P. La opinión que reflejan sus personajes sobre las redes sociales es dispar, ¿tiene redes sociales, qué opinión le merecen?

R. Pertenezco a una de las últimas generaciones que recuerda vivir sin tecnología. Tenía Instagram, pero lo eliminé cuando me dieron el NBA, fue mi regalo. La atención era demasiada. Fue una decisión por la que me respaldaron mi agente y mi editora. Sé que hay muchos escritores a los que se les presiona para generar marca. Esto es como el cambio climático. Es un fenómeno extremo sin precedentes al que estamos asistiendo en nuestro espacio vital. Internet fue el responsable de la elección de Trump, la desinformación y el deterioro del discurso público fueron muy evidentes. Twitter ha hecho que el discurso público tenga miedo del matiz y que todo el mundo ofrezca cosas fáciles, ideas muy simplificadas de blanco o negro, opiniones muy chillonas. A mí no me da miedo la tecnología. Pensábamos que quizás internet sería el final del analfabetismo, el principio de la democratización y propagación del conocimiento, pero existen evidencias infinitas que dicen que no está teniendo ese efecto utópico que queríamos que tuviera, y me parece que esto se debe a los modelos extractivistas, que se basan en la publicidad y en el dinero. 

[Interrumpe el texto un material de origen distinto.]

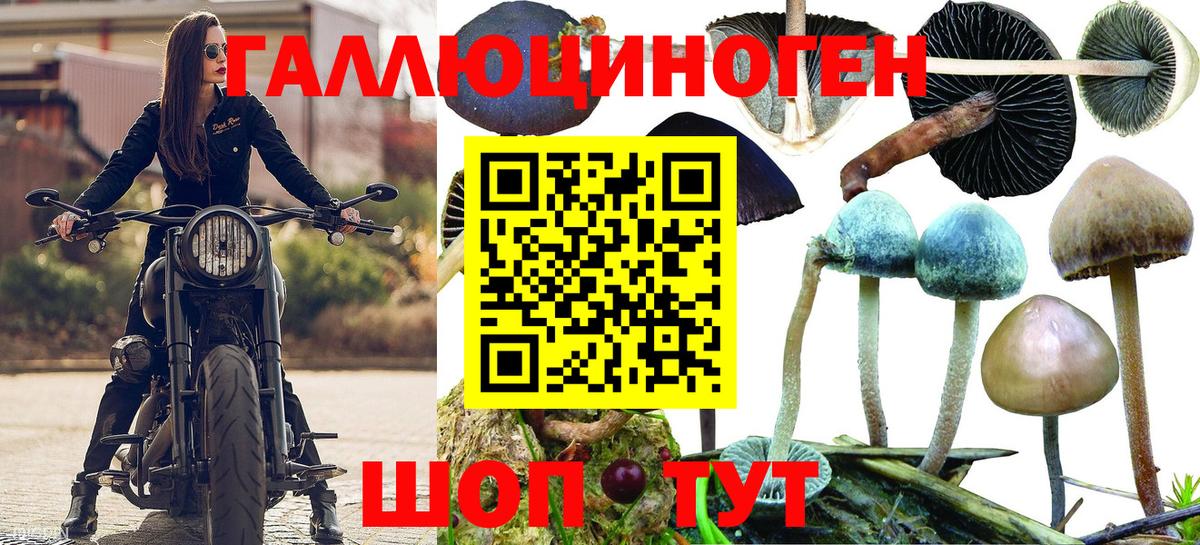где найти наркотики  Псилоцибиновые грибы мицелий  Рузаевка  Вход с VPN  Псилоцибиновые грибы Cubensis 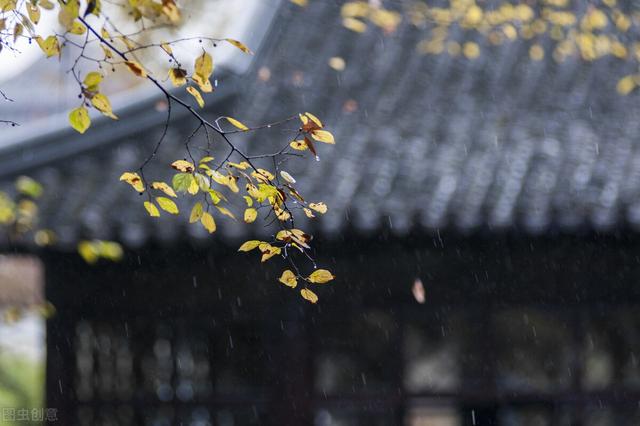 大雨连下两月，宰相对皇帝说大雨不损害庄稼，杜甫写一诗狠狠打脸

P. En tono de humor, uno de sus personajes aborda ciertas lecciones vitales que deja escritas tras su muerte, ¿cuáles serían las lecciones vitales que daría a un joven que aspire a ser escritor?

R. Les diría que lean, que lean mucho. Sobre todo a los lectores anglófonos les diría que lean traducciones, porque no es algo que se comercialice muy bien en Estados Unidos. El segundo consejo que les daría sería que escribieran como fin en sí mismo. Yo he escrito centenares y centenares de páginas que nunca se publicarán entre la universidad y ahora. Esas páginas me enseñaron las tablas, me enseñaron cómo sonaba mi escritura, lo que me atraía. Hay que encarnar tu propia autoridad creativa, tu propia voz.